Have you ever felt like you spend most of your day in your email inbox? Many people are bombarded with tens, or hundreds, of emails each day.
We live in a world where we feel like we have to be connected and be available at any moment, and for many of us our email inbox is at the heart of this issue.
But thats not what email was created for. It wasn’t designed to control our day, and occupy all our time. It was meant to help us achieve more and communicate more effectively. Sadly that focus has disappeared for many of us.
Its not too late tho. You can reclaim your time, and get control over your email. I have, and you can too!
After reading books such as Essentialism, and The ONE Thing, I have realized the importance of the things that we focus on throughout our day.

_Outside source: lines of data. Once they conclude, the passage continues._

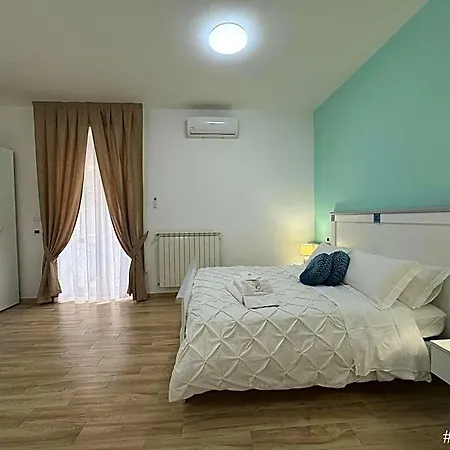 Bed & Breakfast Emerella Luxury Suites-siderno Lungomare 4*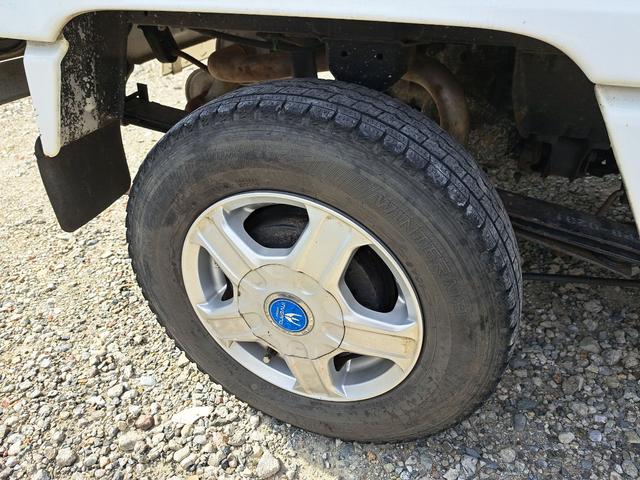 アクティトラック ＳＤＸ　４ＷＤ　軽トラック　ＭＴ　アルミホイール　エアコン　パワーステアリング　運転席エアバッグ　ＣＤ（25枚目）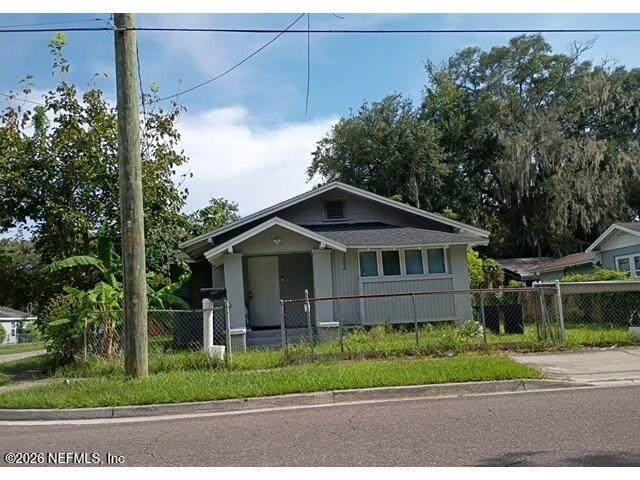 1602 33RD Street - Photo 1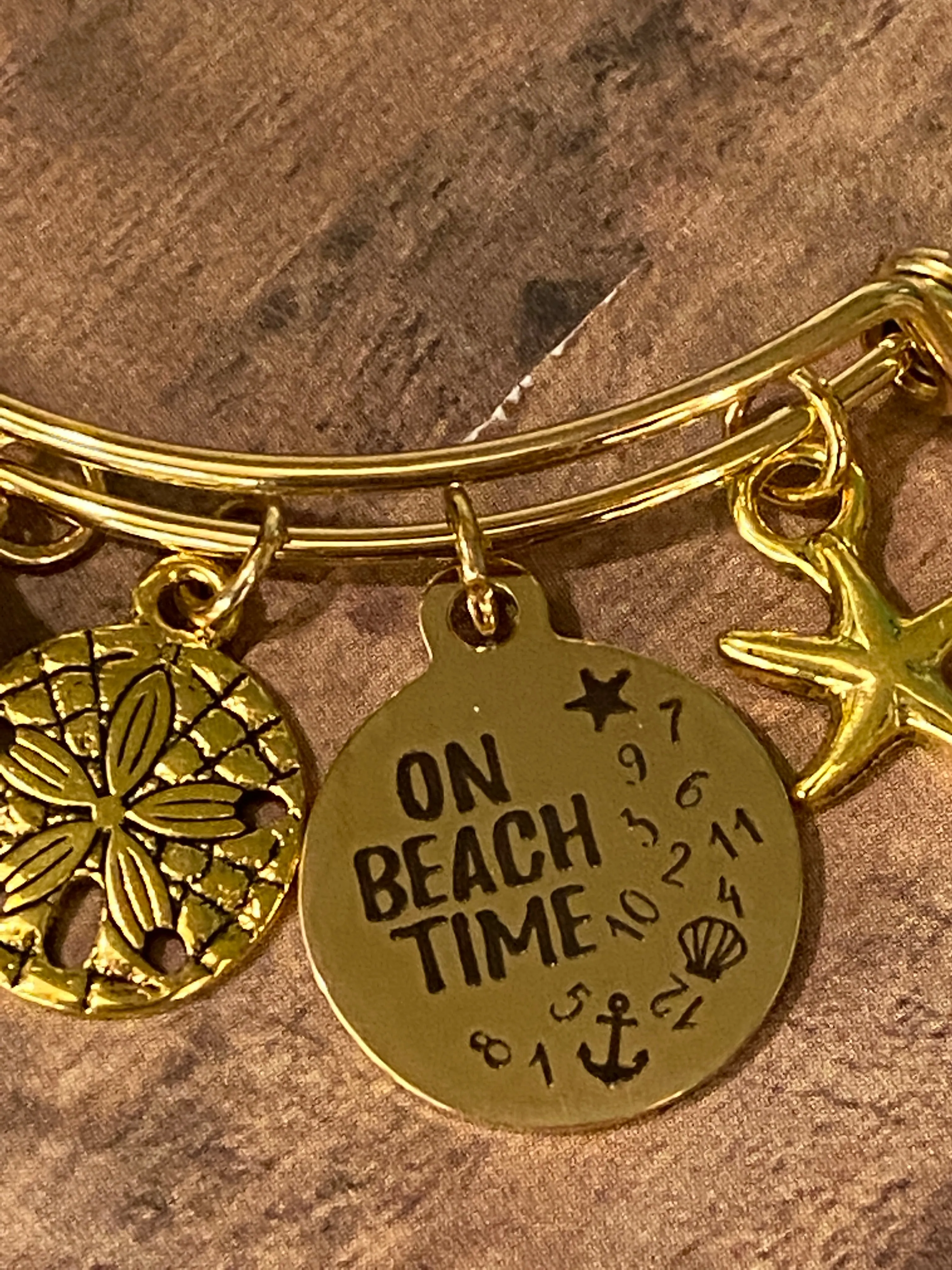 ON BEACH TIME (B115G)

So starting a week ago I decided to turn off email notifications on my phone, iPad and computer. The only way that I will be notified that I have a new email is if I actually open up my email inbox.
At first I was unsure if I would like this or not, but I couldn’t be happier after the first week.
It is so easy to get caught up with all the distractions that surround us each and every day. The constant ringing of our phone, the dings of text messages, and the sounds of emails flooding our inbox have become so normal that it seems we forget what it is like to have some peace and quiet.
The Reasons I Turned Off Email Notifications
- Email is NOT my one thing. According to The ONE Thing by Gary Keller and Jay Papasan, the key to being effective and achieving success is to focus on our ONE thing. It is the thing that matters the most, the thing that we would be happy to have accomplished in our day if that was all we achieved. Can you really say that if all you achieved in your day was going through email that you would feel satisfied with your day? I can’t.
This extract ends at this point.